UPDATE: A 34-year-old Paradise Township man is charged with kidnapping Linda Stoltzfoos, an 18-year-old Amish woman who has been missing since June 21, according to the Lancaster County District Attorney's office. Click here to read more.
East Lampeter police are winding up their involvement in leading the search of an area where an 18-year-old Upper Leacock Township woman was last seen Sunday before she was reported missing.
Police investigators are instead focusing attention on the hundreds of tips that have poured in concerning Linda Stoltzfoos since Monday, Lt. Matt Hess said Thursday afternoon.
Volunteer searchers continued to search into Friday afternoon.
"There's only so many times you can search the same area over again," Hess said.
Stoltzfoos, of Beechdale Road, was last observed on a farm on Stumptown Road wearing a tan dress, white apron and white cape, police said; she had been returning from church. She is white, about 5’10” and weighs 125 pounds.
Hess said many tips are general or vague, such as someone calling to say they saw a brown car or the like. But investigators process them in case more of the same kind of tips come in and a pattern can be developed.
Investigators aren't sure what happened to Stoltzfoos.
Nothing has been ruled out, but no evidence of foul play has been found, Hess said.
If Stoltzfoos left of her own accord, he said police want her to know she is not in trouble and to contact police.
The FBI was brought in Wednesday, but Hess said he did not know exactly what assistance they were providing. Even if he did, he said, police likely wouldn't disclose that.
The department relies on the FBI for all types of cases, he said.
Carrie Adamowski, an FBI spokeswoman, said its involvement isn't unusual.
"A young woman's whereabouts are unknown.
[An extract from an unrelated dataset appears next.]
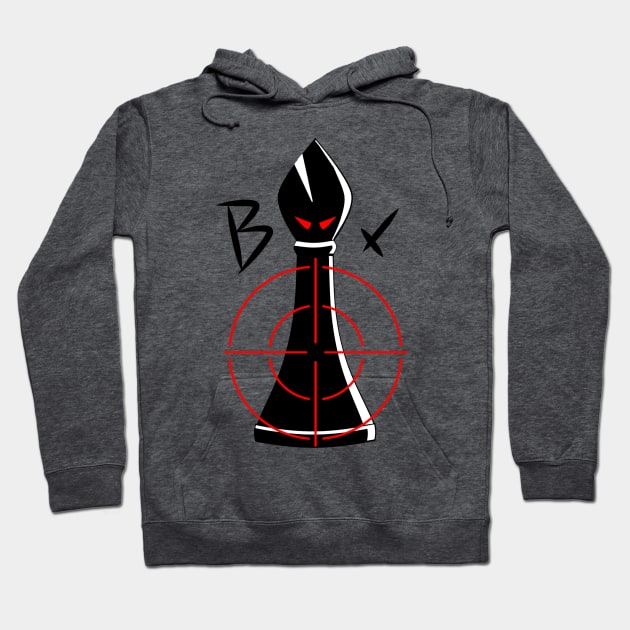 Chess Bishop Sniper Hoodie by BadassChess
The reason we're involved is because we were asked to be. This isn't unusual," she said in an email. "Every day, all over the country, the FBI is providing some kind of resources or assistance to local/state/federal law enforcement partners — not just on missing persons cases, on all different types of cases. It's an important part of what we do."
" ... if our law enforcement partners ask for assistance, we'll provide it, whether it's simple manpower, evidence response capabilities, tech support, etc.," she said. "We work closely with our local and state partners on task forces, we provide training — the police departments know us, we know them, and when they call, we answer."